Lankhor
- Industry: Video games
- Founded: 1987; 39 years ago
- Founder: Jean-Luc Langlois and Kilkhor
- Defunct: October 2, 2002
- Headquarters: Clamart, France
- Key people: Jean-Luc Langlois, Daniel Macre

= Lankhor =

French video game developer and publisher

Lankhor was a French video game developer based in Clamart, France. The company was founded in 1987 by Jean-Luc Langlois and Kyilkohr. Lankhor was known for developing Mortville Manor, the first video game to feature speech synthesis during gameplay.

In 1998, the company won the award for the Best French Company by the magazine Génération 4.

== History ==
Lankhor was founded in 1987 as a result of the merger between Kyilkohr creations and Béatrice & Jean-Luc Langlois. Lankhor gained fame with productions such as the arcade game Wanderer (1987) by the Langlois siblings and, above all, the adventure games Mortville Manor and Maupiti Island. Mortevielle by Gourier and Bernard Grélaud was published for the first time in 1986 on the Sinclair QL platform, but in the refreshed version of Lankhor (with a new title board and speech synthesizer) was successful a significant commercial success, repeated by Maupiti Island. Another commercial success for Lankhor was the racing game Vroom, simulating the competition during Formula 1. Mortevielle, Maupiti Island and Vroom were awarded Tilt d'Or statuettes, awarded by the industry magazine Tilt.

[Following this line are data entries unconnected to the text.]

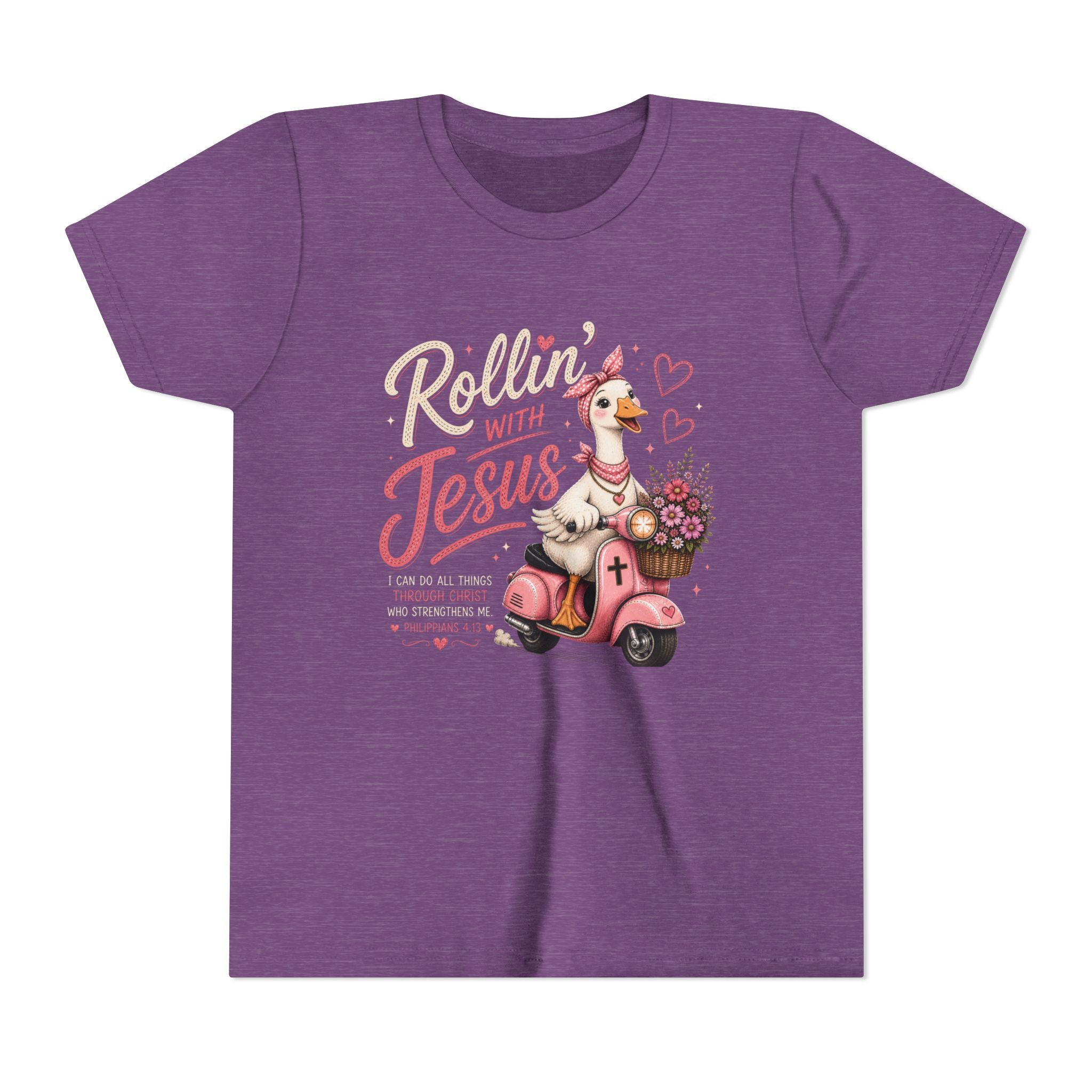 Rollin' with Jesus Goose Shirt | Christian Girl Youth Tee | Cute Bible Verse Shirt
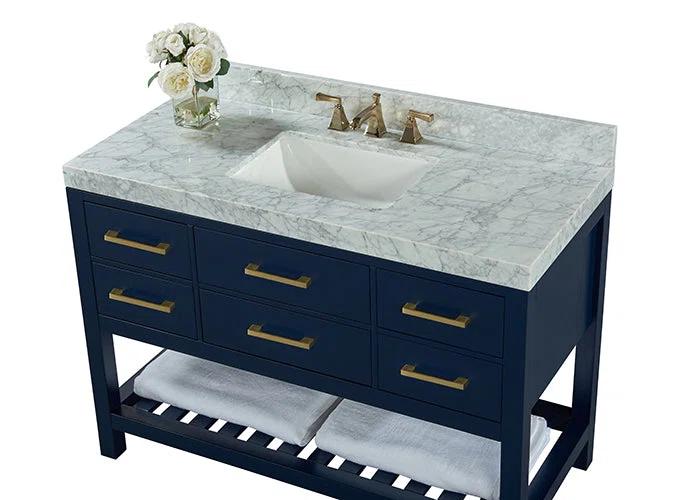 Ancerre Designs Elizabeth 48" Wood Bathroom Vanity Set in Heritage Blue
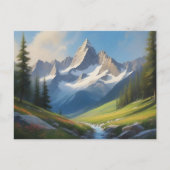 Alpine Berglandschap Waterverf Kunst Briefkaart (Voorkant)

From 1994, the company abandoned its publishing activities to devote itself solely to development. At the beginning of 1996, Daniel Macré having joined Jean-Luc Langlois in the company management, signed a development contract for Formula 1 games under FIA license with the British publisher Eidos Interactive. In 2000, Lankhor was developing video games for Microïds including Ski Park Manager which was released in 2002. The company however experienced a difficult financial situation which started at the end of the same year; this situation led the company to cancel its contract with Video System, a Japanese video game distribution house. At the end of 2001, Lankhor announced its closure which came to pass on October 3, 2002.

==Games==

| Year | Title |
|---|---|
| 1987 | Mortville Manor |
| 1987 | No (Never Outside!) |
| 1987 | Wanderer |
| 1988 | Elemental |
| 1988 | G.Nius |
| 1988 | Killdozers |
| 1988 | Rody & Mastico |
| 1988 | Troubadours |
| 1990 | Maupiti Island |
| 1990 | Raiders |
| 1990 | Saga |
| 1990 | Sdaw |
| 1990 | La Secte Noire |
| 1991 | Alive |
| 1991 | Alcantor |
| 1991 | Burglar |
| 1991 | Fugitif |
| 1991 | Infernal House |
| 1991 | La Crypte Des Maudits |
| 1991 | La Malédiction |
| 1991 | Le Trésor D'Ali Gator |
| 1991 | Mokowe |
| 1991 | Outzone |
| 1991 | Vroom |
| 1992 | Silva |
| 1992 | Survivre |
| 1993 | Black Sect |
| 1993 | F1 |
| 1995 | Kawasaki Superbike |
| 1998 | New Order Liberation |
| 1999 | Official Formula One Racing |
| 2000 | F-1 World Grand Prix |
| 2000 | Warm Up! |
| 2002 | Ski Park Manager |

== Bibliography ==

- Ribault, Thomas (2019). "Épopée: Tales from French Game Developers"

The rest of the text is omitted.